§ Given records
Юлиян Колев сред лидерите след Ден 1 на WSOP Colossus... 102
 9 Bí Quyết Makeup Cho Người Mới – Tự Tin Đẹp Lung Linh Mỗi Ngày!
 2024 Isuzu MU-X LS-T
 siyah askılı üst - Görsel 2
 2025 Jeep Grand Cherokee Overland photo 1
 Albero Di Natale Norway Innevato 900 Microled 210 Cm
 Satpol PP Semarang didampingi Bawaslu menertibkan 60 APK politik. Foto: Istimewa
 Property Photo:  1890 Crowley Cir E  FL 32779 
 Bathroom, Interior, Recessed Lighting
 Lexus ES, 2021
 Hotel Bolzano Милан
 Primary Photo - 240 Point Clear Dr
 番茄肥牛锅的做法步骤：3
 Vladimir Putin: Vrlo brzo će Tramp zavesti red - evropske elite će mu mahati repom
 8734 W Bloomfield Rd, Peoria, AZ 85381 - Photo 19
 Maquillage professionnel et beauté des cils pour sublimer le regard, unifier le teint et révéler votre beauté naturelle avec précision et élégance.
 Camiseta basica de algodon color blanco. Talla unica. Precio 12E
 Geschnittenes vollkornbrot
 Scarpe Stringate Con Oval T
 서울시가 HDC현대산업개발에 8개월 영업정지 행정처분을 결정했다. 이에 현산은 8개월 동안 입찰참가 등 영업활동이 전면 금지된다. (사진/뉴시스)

§ Exercise goal
Write out the records in full, exactly as they appear above.

§ Result for this task
Юлиян Колев сред лидерите след Ден 1 на WSOP Colossus... 102
 9 Bí Quyết Makeup Cho Người Mới – Tự Tin Đẹp Lung Linh Mỗi Ngày!
 2024 Isuzu MU-X LS-T
 siyah askılı üst - Görsel 2
 2025 Jeep Grand Cherokee Overland photo 1
 Albero Di Natale Norway Innevato 900 Microled 210 Cm
 Satpol PP Semarang didampingi Bawaslu menertibkan 60 APK politik. Foto: Istimewa
 Property Photo:  1890 Crowley Cir E  FL 32779 
 Bathroom, Interior, Recessed Lighting
 Lexus ES, 2021
 Hotel Bolzano Милан
 Primary Photo - 240 Point Clear Dr
 番茄肥牛锅的做法步骤：3
 Vladimir Putin: Vrlo brzo će Tramp zavesti red - evropske elite će mu mahati repom
 8734 W Bloomfield Rd, Peoria, AZ 85381 - Photo 19
 Maquillage professionnel et beauté des cils pour sublimer le regard, unifier le teint et révéler votre beauté naturelle avec précision et élégance.
 Camiseta basica de algodon color blanco. Talla unica. Precio 12E
 Geschnittenes vollkornbrot
 Scarpe Stringate Con Oval T
 서울시가 HDC현대산업개발에 8개월 영업정지 행정처분을 결정했다. 이에 현산은 8개월 동안 입찰참가 등 영업활동이 전면 금지된다. (사진/뉴시스)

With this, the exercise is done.